Where does our faith lie? What’s its seat? Where does it take its ultimate root?

Bernard Lonergan once suggested that faith is God’s brand on us. God has seared our souls, as by a great fire, in a way that goes beyond what we can conceptualize, imagine, and even consciously feel. Ruth Burrows, in trying to define mysticism, says basically the same thing. For her, mysticism is being touched by God in a way that is too deep for words, thoughts, and even feelings. Real faith then, it would seem, takes root beyond thought, imagination, and feeling.

But how is this possible? How can something be real and touch us beyond thought, imagination, and feeling? Is faith something magical, para-normal? Not at all. All of us have experiences of being influenced by, and making decisions by, something beyond what we can explain. We know things that we cannot think, we sense things that we cannot consciously feel, and often make decisions based on something beyond the imagination. Faith tends to operate like this. It is not the stuff of thought or even of feelings, but something deeper. How does it work?

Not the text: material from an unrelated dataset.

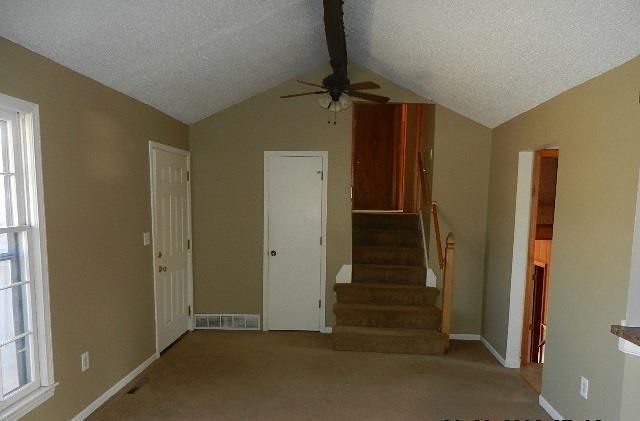 505 N Park Dr, Belton, MO 64012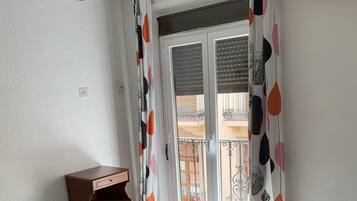 Blackout curtains, free WiFi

We commonly speak of three centres within the human person: head, heart, and gut. The first two are a bit easier to grasp: The head is where we think and imagine, while the heart is where we feel and experience emotion. So what does the gut do? Most of us spontaneously confuse the gut with the heart, thinking of the gut as simply a deeper centre for our feelings. It is a deeper centre alright, but not of conscious feelings. The gut is not so much a centre for feeling as it is precisely something beyond feeling. In the gut, we sense more than feel, intuit more than imagine, and are addressed more in the conscience than in the intellect and heart. The gut is our “ought” centre. It’s where we sense those things that we “have to” do rather than those we would want to do. Moreover, the gut is not much moved by our feelings but often goes against them.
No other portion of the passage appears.